Oh shit does lemmy not have response caching? Yeah, that's gonna be an issue pretty soon.
https://www.reddit.com/r/Lemmy/comments/14h965f/comment/jpdemet
I have no idea, just inferred that from some other posts.
Ehhhhhhh. Using a relational database for Lemmy was certainly a choice, but I don't think it's necessarily a bad one.
Within Lemmy, by far the most expensive part of the database is going to be comment trees, and within the industry the consensus on the best database structure to represent these is... well, there isn't one. The efficiency of this depends way more on how you implement it within a given database model than on the database model itself. Comment trees are actually a pretty difficult problem; you'll notice a lot of platforms have limits on comment depth, and there's a reason for that. Getting just one level of replies to work efficiently can be tricky, regardless of the choice of DBMS.
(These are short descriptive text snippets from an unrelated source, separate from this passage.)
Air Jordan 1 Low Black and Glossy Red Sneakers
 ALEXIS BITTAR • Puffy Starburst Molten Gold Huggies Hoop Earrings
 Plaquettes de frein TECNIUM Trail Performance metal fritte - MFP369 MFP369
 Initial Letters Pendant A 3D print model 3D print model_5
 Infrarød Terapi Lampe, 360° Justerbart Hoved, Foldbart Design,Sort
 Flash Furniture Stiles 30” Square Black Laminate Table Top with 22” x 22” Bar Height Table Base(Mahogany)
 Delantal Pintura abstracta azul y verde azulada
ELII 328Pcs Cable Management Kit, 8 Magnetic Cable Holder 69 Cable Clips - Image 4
Looking at the schema Lemmy uses, I see a couple opportunities to optimize it down the road. One of the first things I noticed is that comment replies don't seem to be directly related back to the top-level post, meaning you're restricted to a breadth-first search of the comment tree at serving time. Most comments will be at pretty shallow depths, so it sometimes makes sense to flatten the first few levels of this structure so you can get most relevant comments in a single query and rebuild the tree post-fetching. But this makes nomination (i.e. getting the "top 100" or whatever comments to show on your page) a lot more difficult, so it makes sense that it's currently written the way it is.
If it's true (as another commenter said) that there's no response caching for comment queries, that's a much bigger opportunity for optimization than anything else in the database.